For Bradley,
I read your concerns, and for me personally, I didn't really notice any of those emotional shifts or lack of tension, so you certainly did enough there. The not overdoing the italic thoughts was also probably a good thing, because I can find that sort of thing distracting, but again, that's just me.
For the structuring, I thought you did an excellent job. Were this my work, I'd have been tempted to put the flashback of him saying goodbye to his daughter at the start, but your decision to open with the pod escape was the far better call where it gripped me in by the throat from the offset, and you delivered enough exposition and character details in small but regular chunks that I understood what was going on throughout.
I'll give some love to that flashback by the way.

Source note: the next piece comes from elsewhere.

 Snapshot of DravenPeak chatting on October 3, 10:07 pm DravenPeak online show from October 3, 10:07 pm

These are always headaches because people either love them or despise them, but here it worked perfectly, was necessary to set up the full emotional impact of the ending, and was cleverly inserted in a way that was natural and didn't break up the story.

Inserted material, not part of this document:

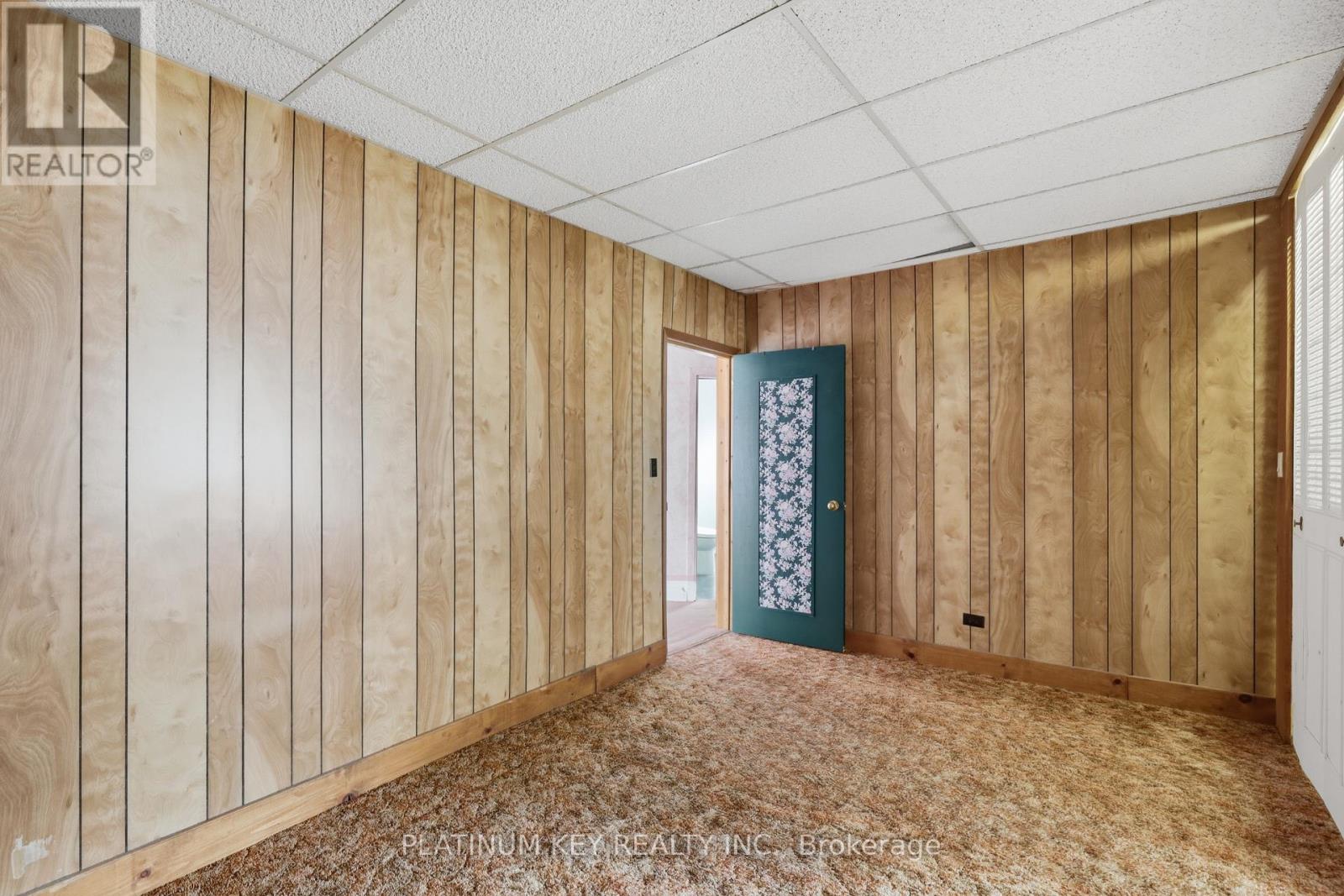 22942 WONDERLAND ROAD N - Image 24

Characterwise, you have a very similar love of the exaggerated, emotive, exclamation mark on the head, bombastic Monty Python-esque characterisation that JMack also uses. From every story I read I can very easily picture your characters on a theatre stage, larger than life with their dramatic flailing and facial reactions for the benefit of an audience to be able to read and understand from a distance. Where you and JMack differ is that he often crafts his tales around a scenario that's equally insane--like a guy cementing himself inside a room to protect his claim on the air--whereby the exaggerations compliment one another in a story designed to make people laugh. You, however, seem to veer more toward serious events with emotional impact, something far more difficult to pull off because there's the risk of the contrasting emotional undertones clashing to the point that the character exaggerations can feel like they're diminishing the serious aspect, while the serious elements suck out the entertainment of the exaggerations and shine a light on the characters appearing silly and stupid. Thinking back on what I read of your novel--and blimey, that was years ago now!--I think that issue may have affected me back then but I didn't have enough experience to see it at the time. However, that certainly wasn't an issue in this story, where the manic back and forth reactions from panic and relief perfectly complemented the chaos of the event.

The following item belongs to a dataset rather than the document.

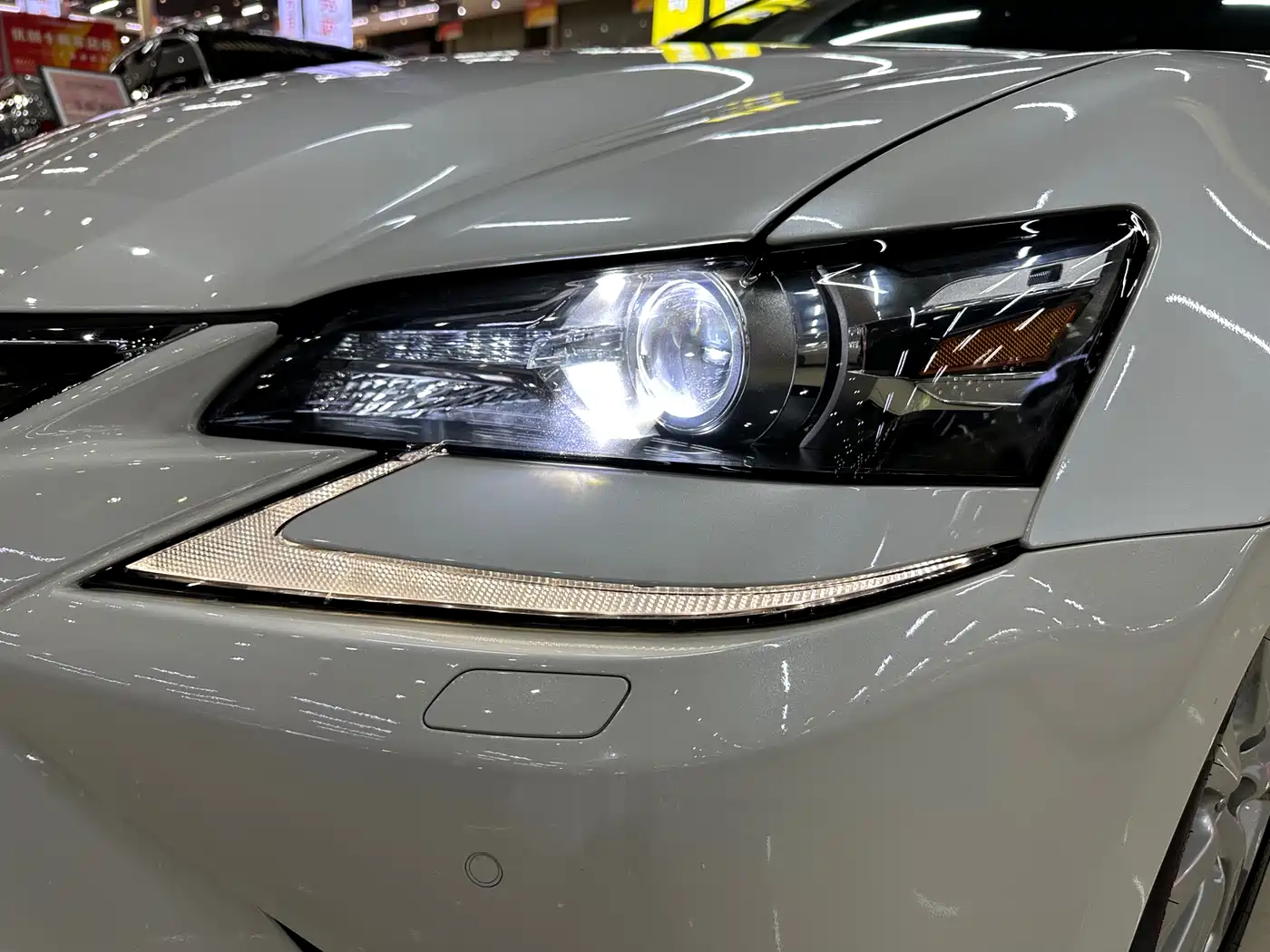 Lexus GS 2016 200t Leading Edition фото 17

In fact, I'll go a step further and say that they heightened that strong emotional impact that so many had at the end, because the humorous runarounds created a light-hearted expectation that the ending would be a crazy escape or a heroic but somewhat funny death, essentially elevating my emotional state upward. So when that twist of the ultimate sacrifice for his daughter landed I had all the farther to crash back down, and the further we fall the harder the impact. That's me brainstorming to myself btw :p, so by all means dismiss it as arse-talk. But if that makes any sense to you, you might consider experimenting with it down the line considering your characterisation style coupled with tastes for more serious themes like nuclear destruction and parental sacrifice.
Regarding edits before the official forum posting, one thing that did throw me was Hootch. (I loved the name btw! I don't know why Hootch makes me laugh so hard but I suspect Scrubs has something to do with it). Anyway! Near the start Rick eyed Hootch's body in a pod, and then after the memory sequence Hootch's pod was empty and Rick found him burning in a corridor. It's possible that Hootch's body wasn't in the pod to begin with and Rick just glanced over it, but the sentence so strongly suggested Hootch was there that I got confused to how he disappeared, and that sparked me imagining a scene locked on Rick standing there daydreaming while his formerly dead colleague gets up and burns to death fighting a fire in the background. Which, in all fairness, worked for how humorous I found Hootch to be!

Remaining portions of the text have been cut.